Eligibility Criteria
Ages Eligible for Study
12 years to 17 years (Child)
Accepts Healthy Volunteers
No
Description
Inclusion Criteria:
- Male or female subjects aged 12 to 17 years, inclusive, at time of Visit 1 (Screening).
Female subjects, if sexually active, must:
- be practicing an effective method of birth control (e.g., prescription oral contraceptives, contraceptive injections, contraceptive patch, intrauterine device, double-barrier method [e.g., condoms, diaphragm, or cervical cap with spermicidal foam, cream, or gel], or male partner sterilization) before entry and throughout the study, or
- be surgically sterile, (have had a hysterectomy or bilateral oophorectomy, tubal ligation, or otherwise be incapable of pregnancy), or
- or agree to abstinence.
- Ability to read and speak English
- All female subjects not documented to be infertile (e.g., infertility due to congenital abnormality or surgical sterilization) must have a negative serum or urine beta-human chorionic gonadotropin (β-hCG) at Visit 1 (Screening) and a negative urine pregnancy test at the Visit 2 (Day 1/Randomization/Baseline)

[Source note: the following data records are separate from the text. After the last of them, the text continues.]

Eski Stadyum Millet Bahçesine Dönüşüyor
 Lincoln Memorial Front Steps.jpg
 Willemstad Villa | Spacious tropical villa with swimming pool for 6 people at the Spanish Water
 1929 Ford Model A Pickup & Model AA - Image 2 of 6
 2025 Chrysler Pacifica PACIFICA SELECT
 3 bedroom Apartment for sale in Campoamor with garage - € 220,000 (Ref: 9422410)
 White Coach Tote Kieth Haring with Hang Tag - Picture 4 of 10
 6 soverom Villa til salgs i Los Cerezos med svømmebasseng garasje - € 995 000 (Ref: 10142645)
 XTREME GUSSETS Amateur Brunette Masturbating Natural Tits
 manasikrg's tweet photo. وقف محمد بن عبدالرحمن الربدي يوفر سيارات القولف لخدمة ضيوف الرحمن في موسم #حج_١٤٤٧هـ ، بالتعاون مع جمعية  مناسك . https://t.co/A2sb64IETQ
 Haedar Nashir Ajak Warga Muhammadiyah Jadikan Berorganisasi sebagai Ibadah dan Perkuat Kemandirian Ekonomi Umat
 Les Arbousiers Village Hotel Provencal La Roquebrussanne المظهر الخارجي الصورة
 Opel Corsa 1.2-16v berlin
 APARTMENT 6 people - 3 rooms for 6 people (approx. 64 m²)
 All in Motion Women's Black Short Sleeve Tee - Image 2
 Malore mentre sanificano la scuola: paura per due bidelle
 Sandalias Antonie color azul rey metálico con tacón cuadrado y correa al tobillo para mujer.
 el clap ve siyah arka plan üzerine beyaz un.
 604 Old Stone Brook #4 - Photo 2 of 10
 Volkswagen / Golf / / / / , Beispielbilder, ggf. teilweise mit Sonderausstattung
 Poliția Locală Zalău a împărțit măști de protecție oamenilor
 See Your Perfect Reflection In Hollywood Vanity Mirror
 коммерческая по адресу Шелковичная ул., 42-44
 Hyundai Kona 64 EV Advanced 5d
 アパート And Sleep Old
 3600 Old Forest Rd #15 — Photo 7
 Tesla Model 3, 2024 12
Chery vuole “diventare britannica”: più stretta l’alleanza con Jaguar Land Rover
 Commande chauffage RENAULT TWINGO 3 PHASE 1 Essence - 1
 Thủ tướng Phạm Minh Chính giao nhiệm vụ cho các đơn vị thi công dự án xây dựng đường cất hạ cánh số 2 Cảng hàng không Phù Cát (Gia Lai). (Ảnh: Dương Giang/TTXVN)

- Must have bilateral nasal polyposis with a grade of 1 to 3 in each of the nasal cavities as determined by a nasal polyp grading scale score measured by nasoendoscopy at Visit 1 (Screening)
- Must report at least mild symptoms of nasal congestion/obstruction as demonstrated by an average morning nasal congestion/obstruction score of at least 1.0 over the last 7 days of the run-in period (Subjects not meeting this inclusion criterion may be re-screened once after at least 4 weeks.)
- Subjects with comorbid asthma must be stable, defined as no exacerbations (e.g., no emergency room visits, hospitalization, or oral or parenteral steroid use) within the 3 months before Visit 1 (Screening). Subjects who received inhaled corticosteroids are required to be on no more than a moderate dosage regimen as defined by 2005 Global Initiative for Asthma Guidelines (GINA) for 1 month before Visit 1 (Screening) and to be expected to remain on it throughout the study. Visit 1 (Screening)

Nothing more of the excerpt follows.